Task to carry out: What you return should match the entries below exactly, only without the images.

Task material:

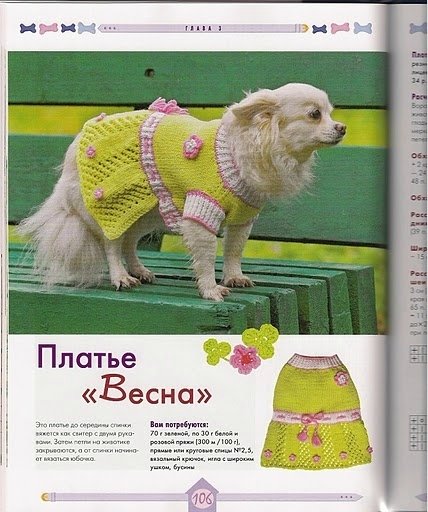 Вяжем для собак своими руками. Спицы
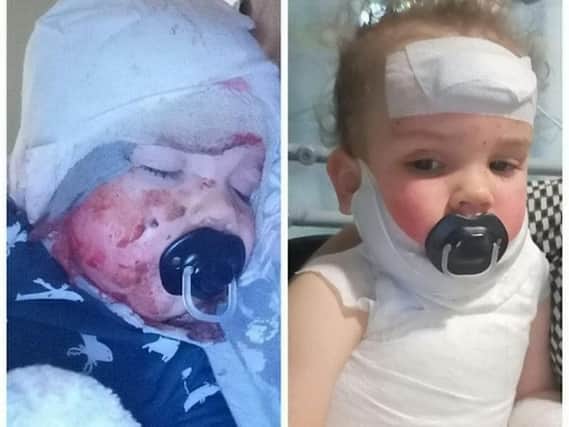 Dougie Dodd, then aged one, got tangled in the wire of mum Nadia Hulse's kitchen appliance. Picture: SWNS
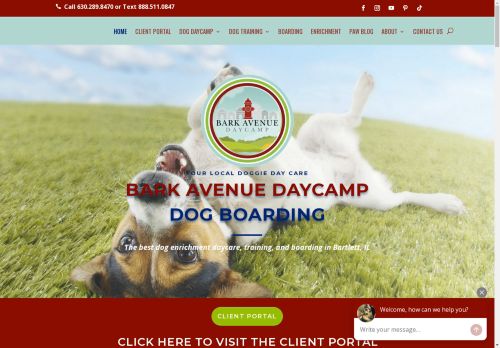 Bark Avenue Daycamp capture - 2025-04-17 02:02:31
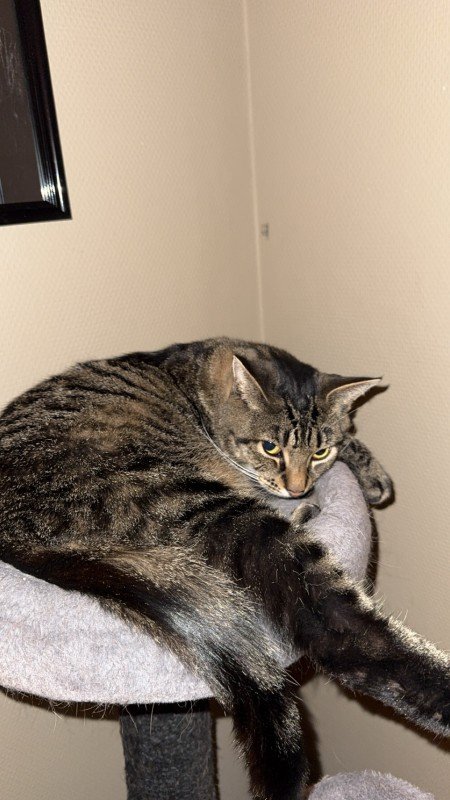 Muis
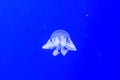 Alone isolated jellyfish on a blue background swimming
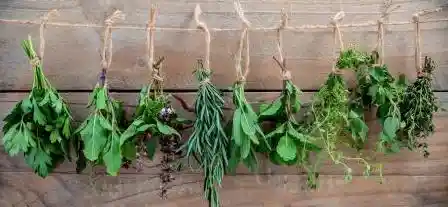 Manojo De Aromaticas Variadas Recien Cortadas De La Huerta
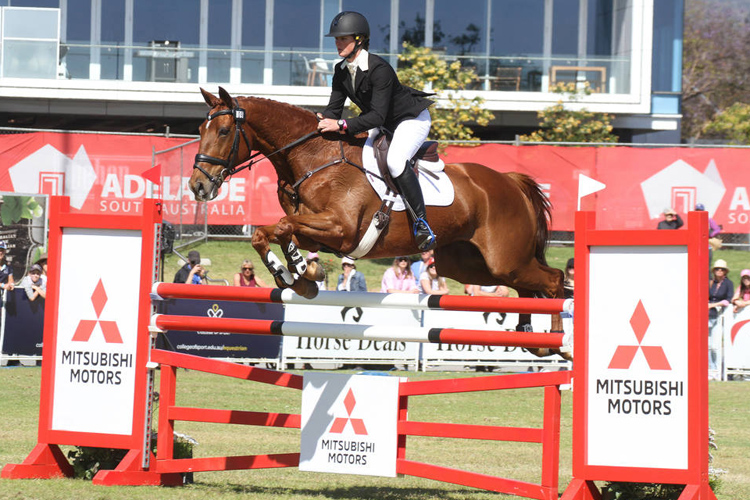Willingapark Clifford ridden by Hazel Shannon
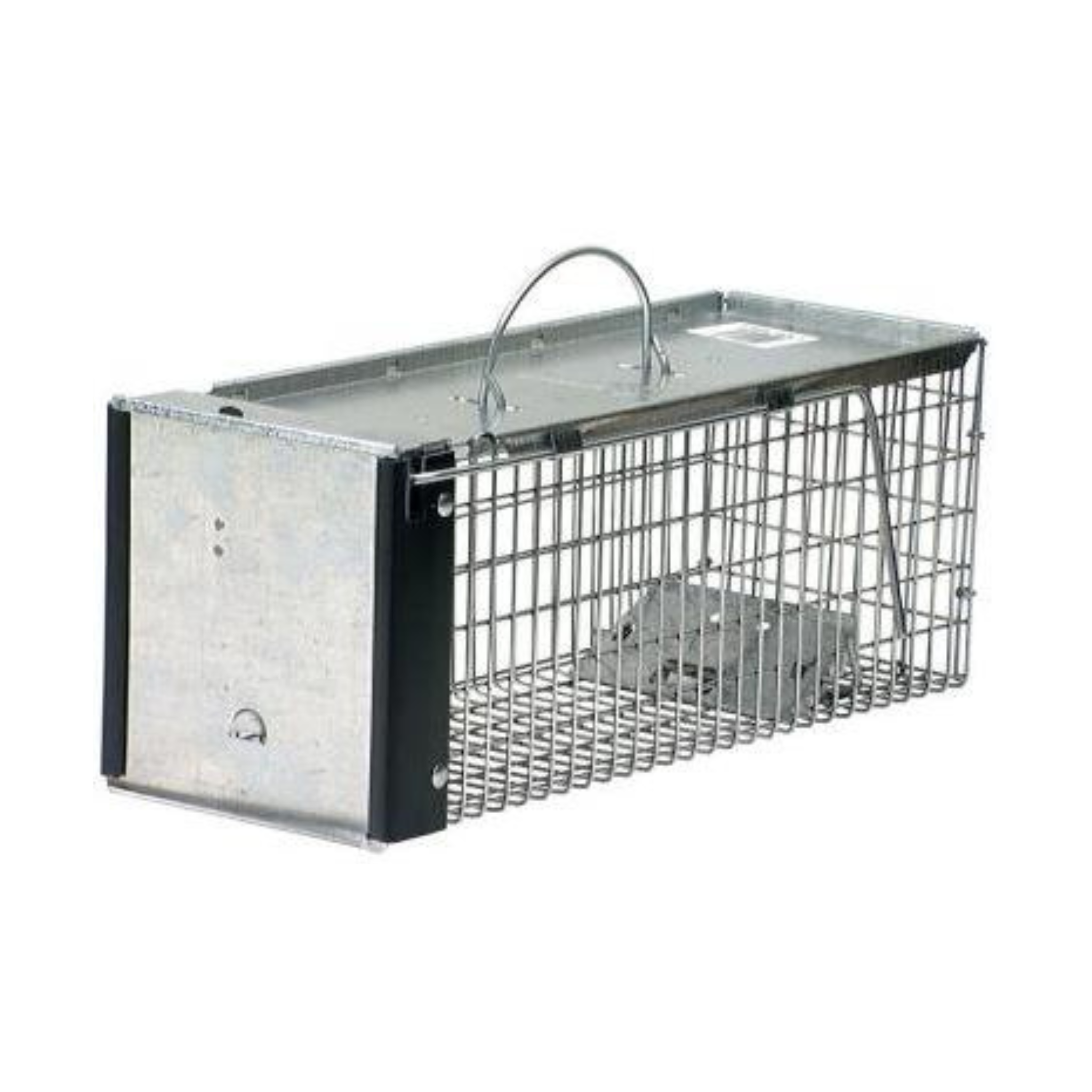 Single Door Cage / Live Trap – Pittsboro Feed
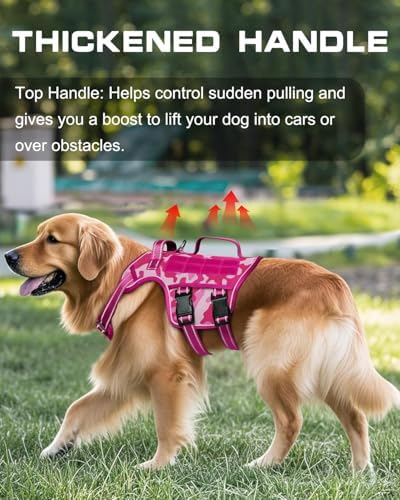 Dog Harness, Tactical No Pull for Small Sized Dog - Image 2
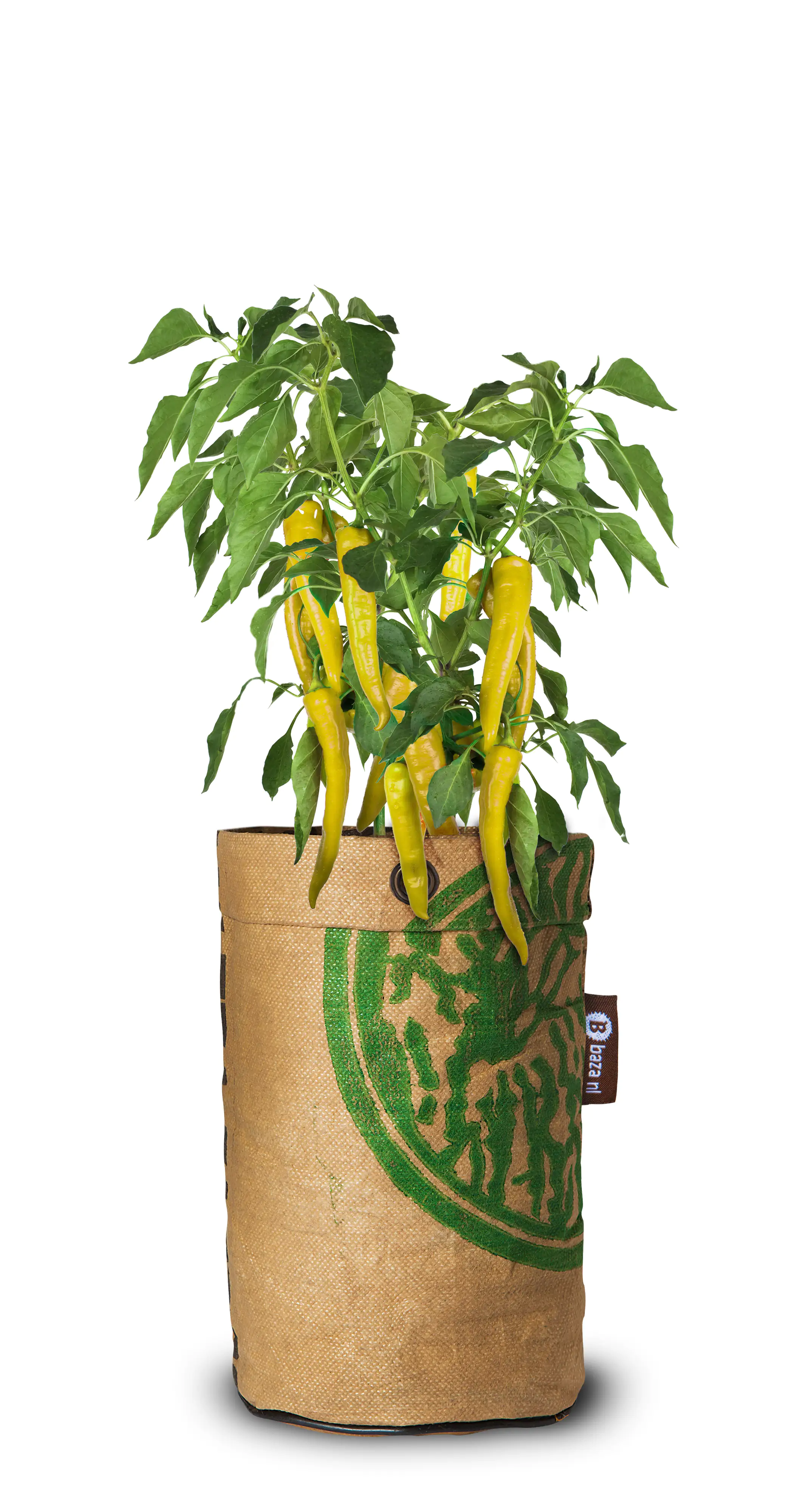 Baza Seeds Pepperclub Pepperoni Yellow Wax Hot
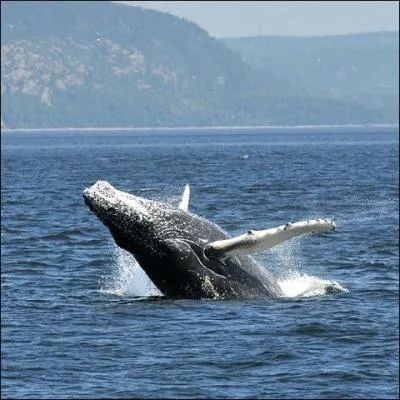 En 1949, cette Fédération a fait une enquête sur le vocabulaire de cette région. "Chômer du pain", "le nichouette" ou "le batte-feu" étaient des expressions utilisées. Le seul Parc Marin du Québec se trouve dans cette région.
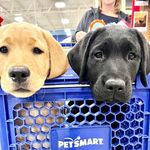 Brian Shanley - @annie_and_maggie_lab_sisters - Instagram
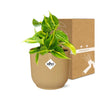 Philodendron Scandens Brasil - ↕ ca. 20 cm - Ø 14 cm | ELHO Vibes Fold Übertopf gelb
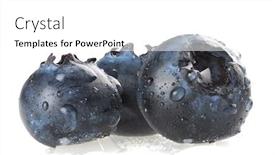 Presentation with blueberries - Audience pleasing slides consisting of blueberries studio isolated on white background backdrop and a white colored foreground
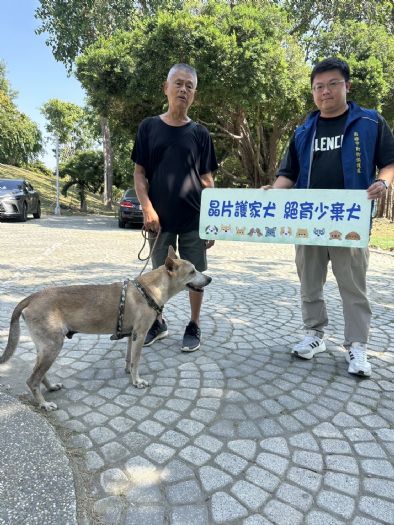 守護毛孩的幸福日常：飼主責任溫馨提醒與友善稽查公告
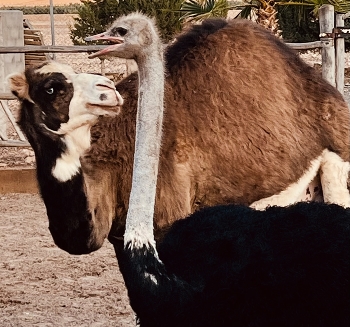 &nbsp; / Domestic animals mention in a farm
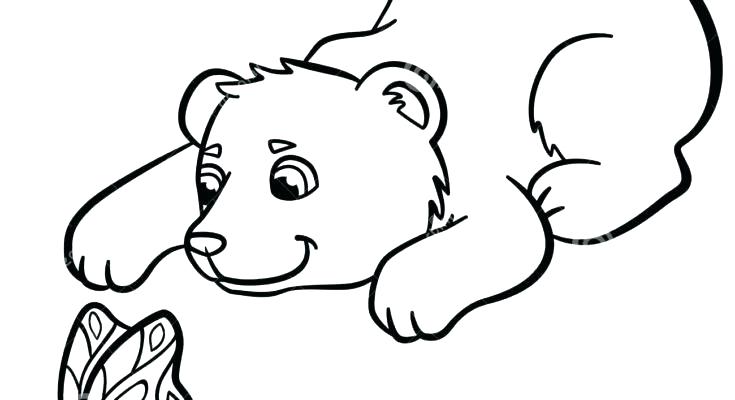 735x400 Wild Animal Coloring Pages Nocturnal Animals Coloring Pages Wild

Answer section:
 Вяжем для собак своими руками. Спицы
 Dougie Dodd, then aged one, got tangled in the wire of mum Nadia Hulse's kitchen appliance. Picture: SWNS
 Bark Avenue Daycamp capture - 2025-04-17 02:02:31
 Muis
 Alone isolated jellyfish on a blue background swimming
 Manojo De Aromaticas Variadas Recien Cortadas De La Huerta
Willingapark Clifford ridden by Hazel Shannon
 Single Door Cage / Live Trap – Pittsboro Feed
 Dog Harness, Tactical No Pull for Small Sized Dog - Image 2
 Baza Seeds Pepperclub Pepperoni Yellow Wax Hot
 En 1949, cette Fédération a fait une enquête sur le vocabulaire de cette région. "Chômer du pain", "le nichouette" ou "le batte-feu" étaient des expressions utilisées. Le seul Parc Marin du Québec se trouve dans cette région.
 Brian Shanley - @annie_and_maggie_lab_sisters - Instagram
 Philodendron Scandens Brasil - ↕ ca. 20 cm - Ø 14 cm | ELHO Vibes Fold Übertopf gelb
 Presentation with blueberries - Audience pleasing slides consisting of blueberries studio isolated on white background backdrop and a white colored foreground
 守護毛孩的幸福日常：飼主責任溫馨提醒與友善稽查公告
 &nbsp; / Domestic animals mention in a farm
 735x400 Wild Animal Coloring Pages Nocturnal Animals Coloring Pages Wild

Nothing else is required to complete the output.